▶ [WHAT THE TASK REQUIRES] With all pictures excluded, restate the records that follow exactly as written.

DATA PROVIDED: Begin

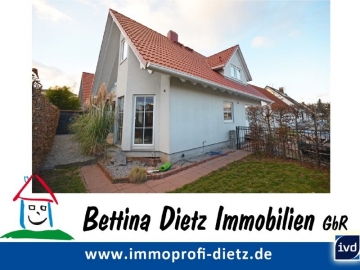 DIETZ: NEU renoviertes, freistehendes Einfamilienhaus in zentraler Lage von Groß-Umstadt, 64823 Groß-Umstadt, Einfamilienhaus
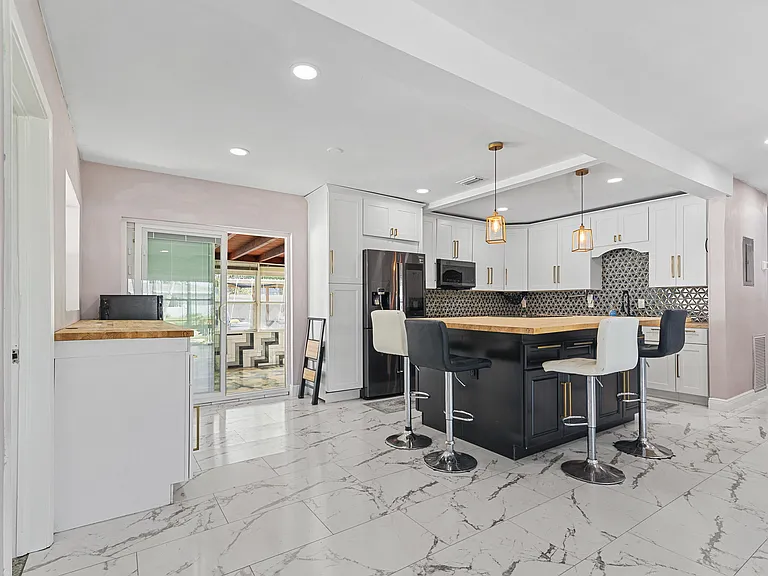 1820 SW 22nd Ave — Photo 15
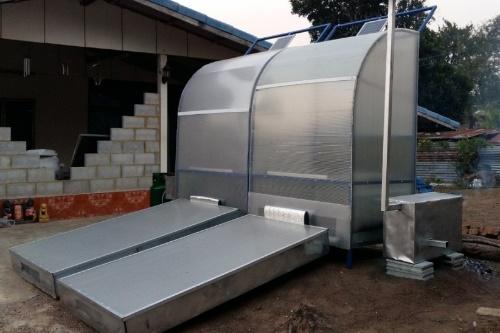 Therefore, the objectives of this research were to investigate the performance of the greenhouse solar dryer for drying long peppers. Fig. 1 A natural sun drying method 2.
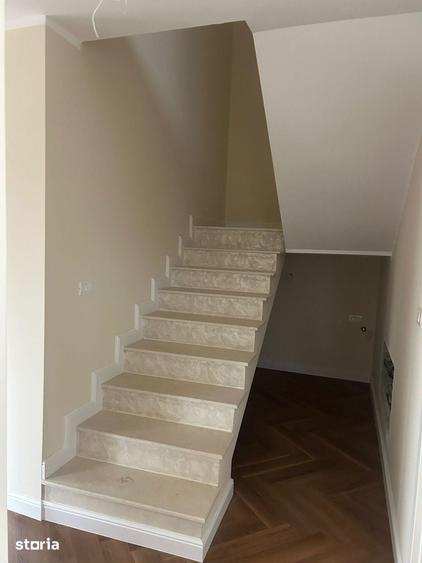 Apartament cu 4 camere în Giroc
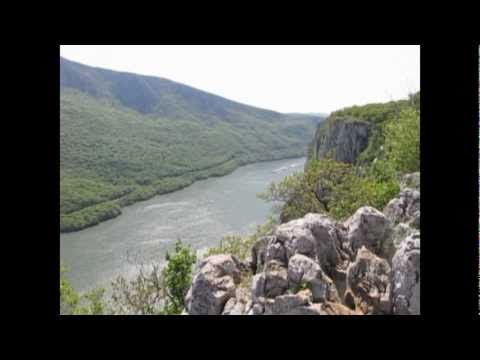 Cazanele Mari si Mici privite de pe Ciucarul Mare la Dubova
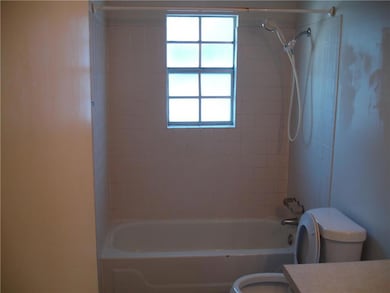 38145 Coast Blvd unit B, Slidell, LA 70458 - photo 4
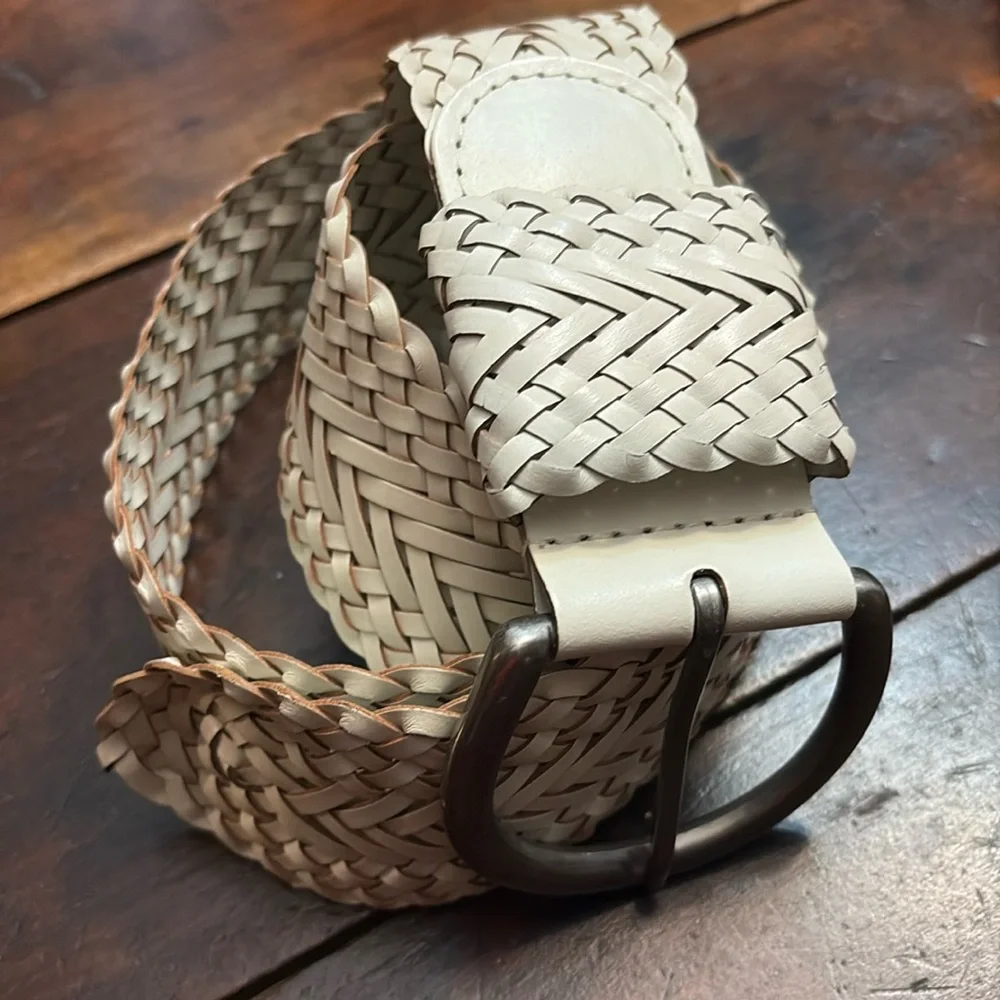 White Braided Women’s Wide Belt- Excellent Used Condition- Size L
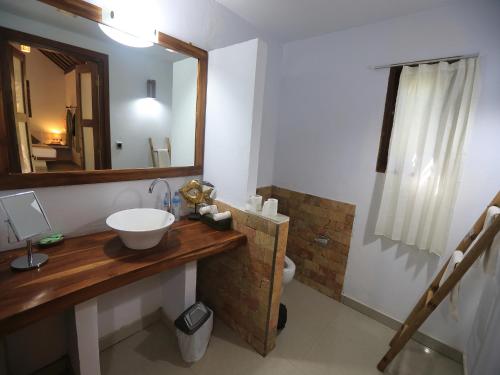 吉利特拉旺安拉古纳吉利酒店的一间带水槽、镜子和卫生间的浴室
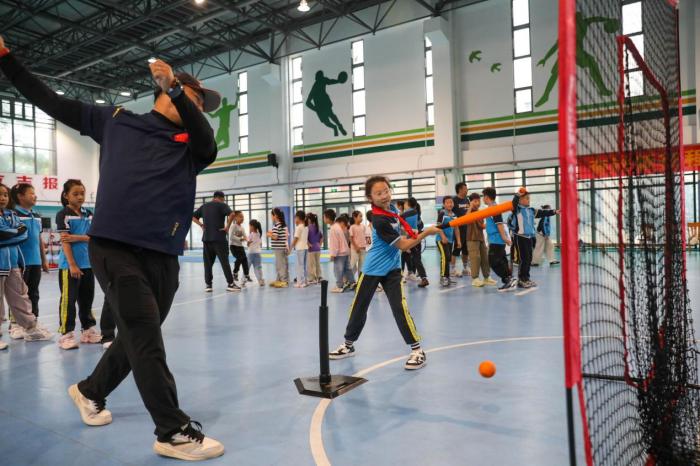 快乐垒球进校园 携手共筑青少年运动新生态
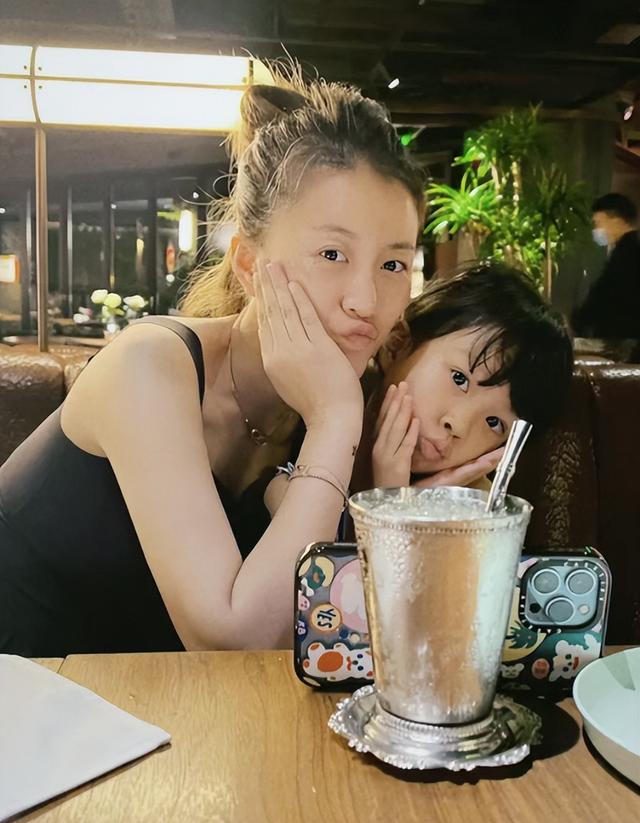 李嘉格|网店店主参加好声音没夺冠，却嫁给爱奇艺总裁，34岁成了人生赢家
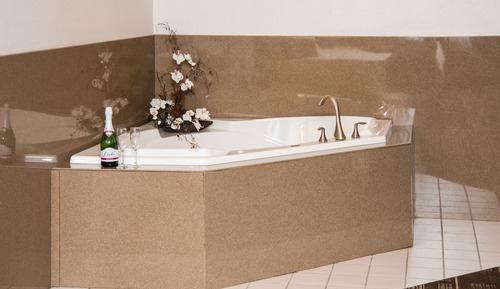 Chambre, 1 très grand lit, baignoire à jets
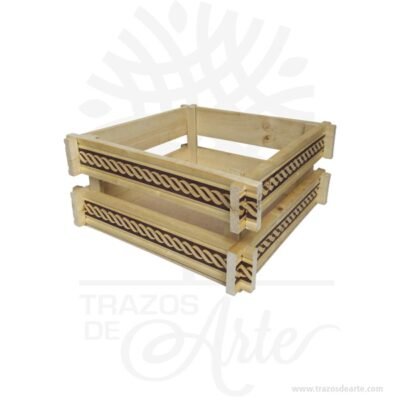 Canasto en madera de pino con labrado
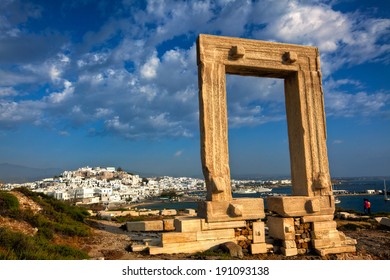 Portara - Naxos, Greece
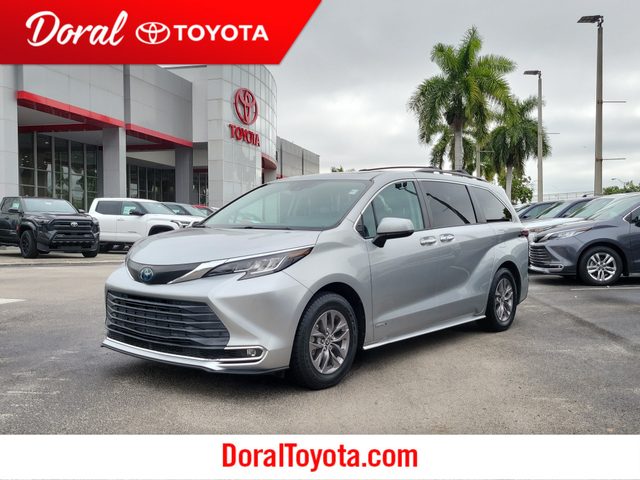 2021 Toyota Sienna XLE FWD photo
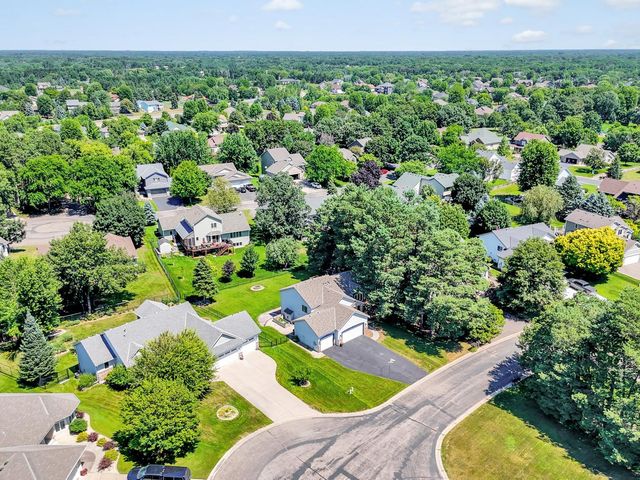 2055 130th Court NE, Blaine, MN 55449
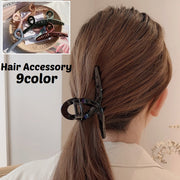 ヘアクリップ バンスクリップ ワニクリップ レディース ヘアアクセサリー 結び目 大きめ シンプル 無地 単色 髪飾り 髪留め まとめ髪 ヘアアレンジ かわいい おしゃれ カジュアル デイリー 普段使い お出かけ 髪かざり 髪どめ ファッション小物 雑貨 女性 ホワイト グリーン ブラック べっ甲柄 ピンク ワイン グレー カーキ クリア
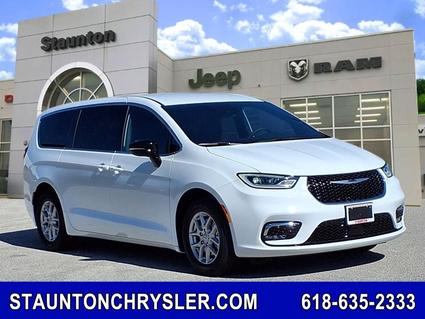 2026 Chrysler Pacifica Staunton IL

DATA PROVIDED: End

▶ [SOLUTION]
 DIETZ: NEU renoviertes, freistehendes Einfamilienhaus in zentraler Lage von Groß-Umstadt, 64823 Groß-Umstadt, Einfamilienhaus
 1820 SW 22nd Ave — Photo 15
 Therefore, the objectives of this research were to investigate the performance of the greenhouse solar dryer for drying long peppers. Fig. 1 A natural sun drying method 2.
 Apartament cu 4 camere în Giroc
 Cazanele Mari si Mici privite de pe Ciucarul Mare la Dubova
 38145 Coast Blvd unit B, Slidell, LA 70458 - photo 4
 White Braided Women’s Wide Belt- Excellent Used Condition- Size L
 吉利特拉旺安拉古纳吉利酒店的一间带水槽、镜子和卫生间的浴室
 快乐垒球进校园 携手共筑青少年运动新生态
 李嘉格|网店店主参加好声音没夺冠，却嫁给爱奇艺总裁，34岁成了人生赢家
 Chambre, 1 très grand lit, baignoire à jets
 Canasto en madera de pino con labrado
 Portara - Naxos, Greece
 2021 Toyota Sienna XLE FWD photo
 2055 130th Court NE, Blaine, MN 55449
 ヘアクリップ バンスクリップ ワニクリップ レディース ヘアアクセサリー 結び目 大きめ シンプル 無地 単色 髪飾り 髪留め まとめ髪 ヘアアレンジ かわいい おしゃれ カジュアル デイリー 普段使い お出かけ 髪かざり 髪どめ ファッション小物 雑貨 女性 ホワイト グリーン ブラック べっ甲柄 ピンク ワイン グレー カーキ クリア
 2026 Chrysler Pacifica Staunton IL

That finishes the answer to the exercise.